Google on Tuesday restructured its organization bringing some new changes and announced it was appointing India-born Sundar Pichai as the new CEO.
The company has now decided to separate internet business with other projects and labeled it under a new ‘mother’ company called Alphabet.
Sundar Pichai will be in charge of Alphabet’s new Google subsidiary, including the search engine, YouTube and the Android and Chrome operating systems.
Larry Page will serve as CEO of Alphabet and Google co-founder Sergey Brin will serve as president.
Talking about Sundar Pichai, Page said, “In general, our model is to have a strong CEO who runs each business, with Sergey and me in service to them as needed. We will rigorously handle capital allocation and work to make sure each business is executing well. We’ll also make sure we have a great CEO for each business, and we’ll determine their compensation.”
Pichai, 43, is a native of Chennai who went to IIT Kharagpur and later to Stanford and Wharton. He took over Gmail and Google Docs in 2011. In 2013, CEO Larry Page put him in charge of Android, making him one of the most powerful technology executives in the world.
Explaining the creation of this mother company, Google co-founder Larry Page wrote on her blog, “What is Alphabet? Alphabet is mostly a collection of companies. The largest of which, of course, is Google. This newer Google is a bit slimmed down, with the companies that are pretty far afield of our main Internet products contained in Alphabet instead.”
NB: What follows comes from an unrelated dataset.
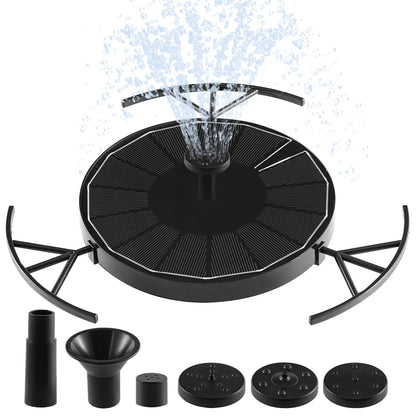 Pleneal 2W Solar Fountain Pump - Upgraded Solar Fountain for Bird Bath with 6 Nozzles, Outdoor solar Water Pump for Garden, Pond, Pool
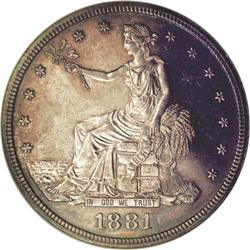 1881 T$1 PR63 NGC. Glassy mirrored surfaces are struck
In other words, Google will continue to run internet-centric services such as Google Maps, YouTube, Chrome, and Android. The new company, Alphabet will include, besides Google, units such as Calico (which focuses on Longevity), X lab (which incubates new efforts like Wing, Google’s drone delivery effort) and units dealing with life sciences (such as the one working on smart contact lens that detects blood sugar level). Google’s investment arms, Ventures and Capital, will also be a part of Alphabet.
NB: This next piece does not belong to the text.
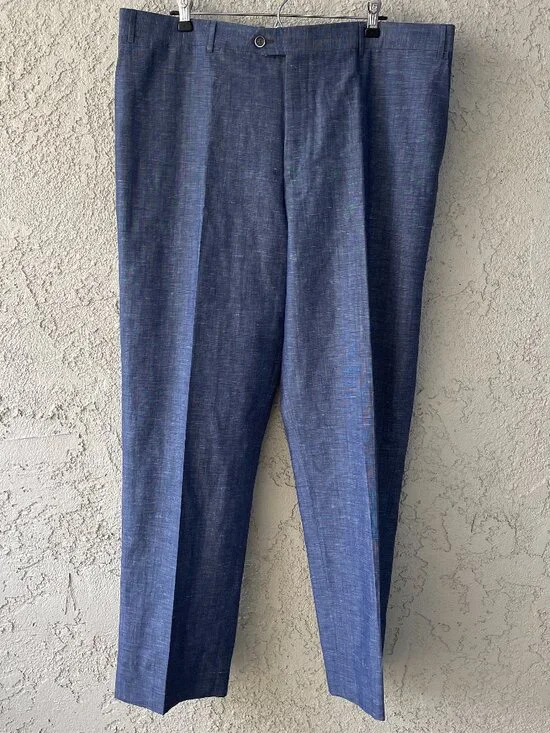 Corneliani Italian Wool Dress Pants Men’s Gray Flat Front Trousers Size 38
Explaining the rationale for the restructuring, Page wrote, “We’ve long believed that over time companies tend to get comfortable doing the same thing, just making incremental changes. But in the technology industry, where revolutionary ideas drive the next big growth areas, you need to be a bit uncomfortable to stay relevant. The new structure will allow us to keep tremendous focus on the extraordinary opportunities we have inside of Google.”
According to Page’s post, Alphabet will eventually replace Google as the publicly traded company on the Nasdaq stock exchange, and all shares of Google will convert to shares of Alphabet. However, it will continue to trade on the Nasdaq under the same GOOGL and GOOG ticker symbols.